Analysis and parameter prediction of compiler transformation for graphics processors
View/ Open
Date
27/06/2016Author
Magni, Alberto
Metadata
Abstract
In the last decade graphics processors (GPUs) have been extensively used to solve computationally
intensive problems. A variety of GPU architectures by different hardware manufacturers
have been shipped in a few years. OpenCL has been introduced as the standard cross-vendor
programming framework for GPU computing. Writing and optimising OpenCL applications is
a challenging task, the programmer has to take care of several low level details. This is even
harder when the goal is to improve performance on a wide range of devices: OpenCL does not
guarantee performance portability.
In this thesis we focus on the analysis and the portability of compiler optimisations. We
describe the implementation of a portable compiler transformation: thread-coarsening. The
transformation increases the amount of work carried out by a single thread running on the GPU.
The goal is to reduce the amount of redundant instructions executed by the parallel application.
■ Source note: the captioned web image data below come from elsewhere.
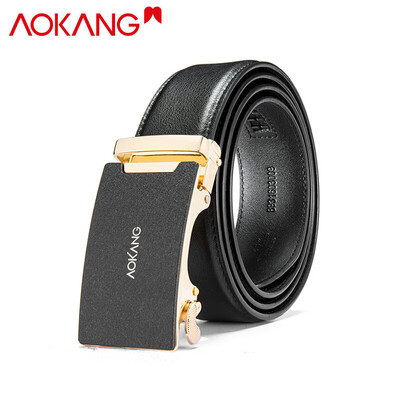 Aokang Aokang mens belt leather automatic buckle belt middle-aged youth casual simple pants belt8931603009 black black 110
Aokang Aokang mens belt leather automatic buckle belt middle-aged youth casual simple pants belt8931603009 black black 110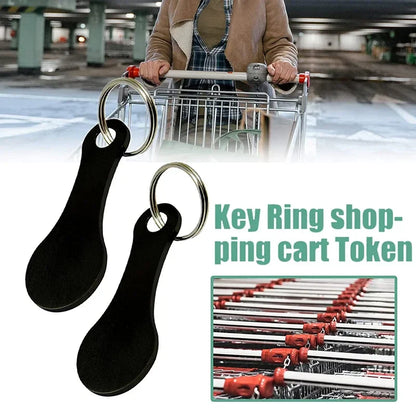 CartKey™ – Winkelwagentoken met roestvrijstalen sleutelhanger | 1+2 GRATIS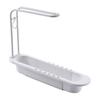 Sink Drain Shelf Double Layer Detachable Telescopic Towel Bar Draining Rack Kitchen Accessories for Home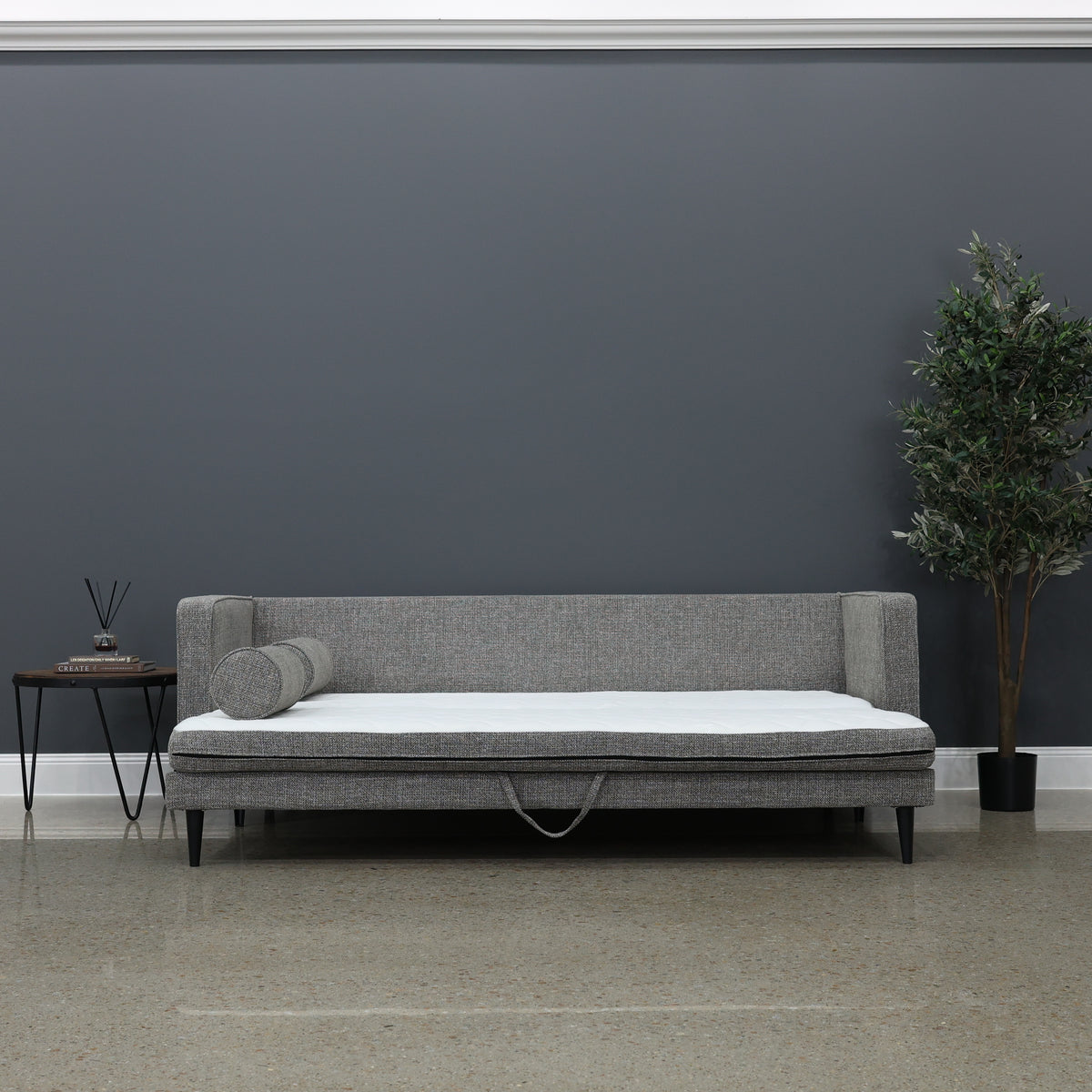 Memphis Folding Sofa Bed- Charcoal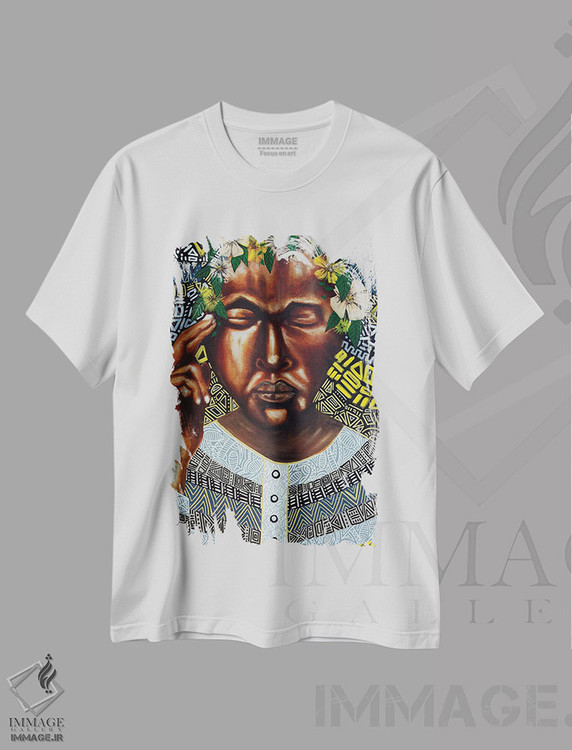 تیشرت طرح دار تمام چیزهایی که هرگز نمی دانستیم، هنر آمریکایی آفریقایی تبار اثر آرون آلن | فروشگاه ایماژ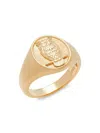 Effy Men's 14k Goldplated Sterling Silver Ring In Silver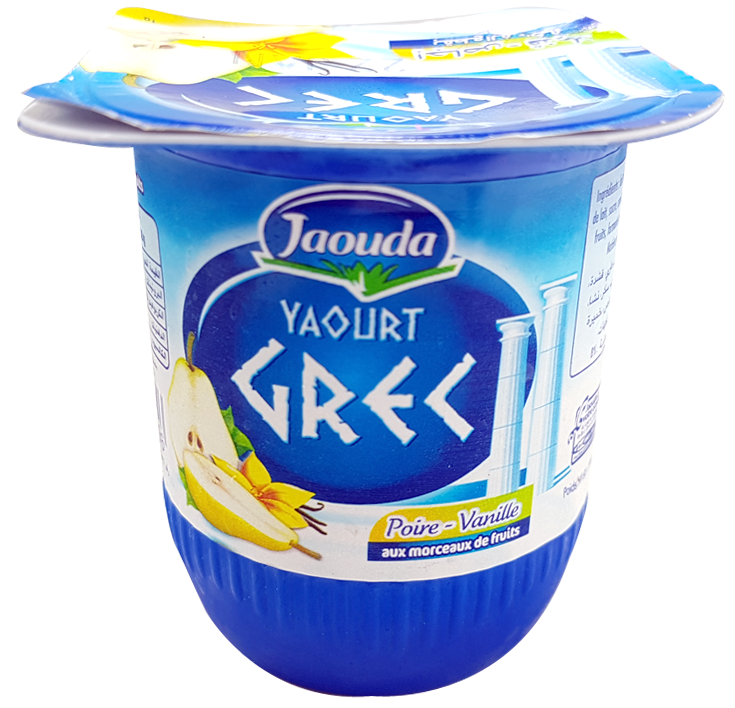 Greek Pear Vanilla Stirred Yogurt 110g - JAOUDA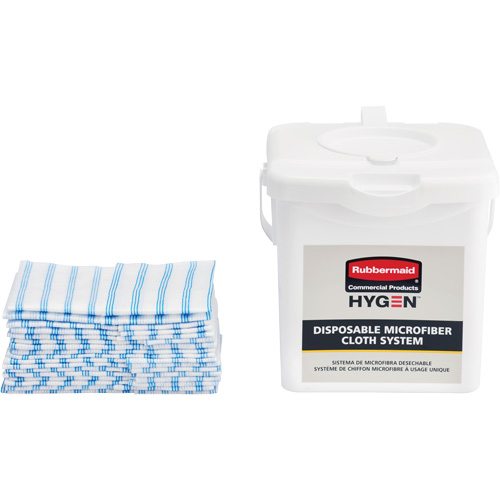 Microfibre Cloth Charging Bucket, White Duraquip Inc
The first contribution is a technique to analyse performance improvements and degradations
given by the compiler transformation, we study the changes of hardware performance
counters when applying coarsening. In this way we identify the root causes of execution time
variations due to coarsening.
As second contribution, we study the relative performance of coarsening over multiple
input sizes. We show that the speedups given by coarsening are stable for problem sizes larger
than a threshold that we call saturation point. We exploit the existence of the saturation point
to speedup iterative compilation.
The last contribution of the work is the development of a machine learning technique that
automatically selects a coarsening configuration that improves performance. The technique is
based on an iterative model built using a neural network. The network is trained once for a
GPU model and used for several programs. To prove the flexibility of our techniques, all our
experiments have been deployed on multiple GPU models by different vendors.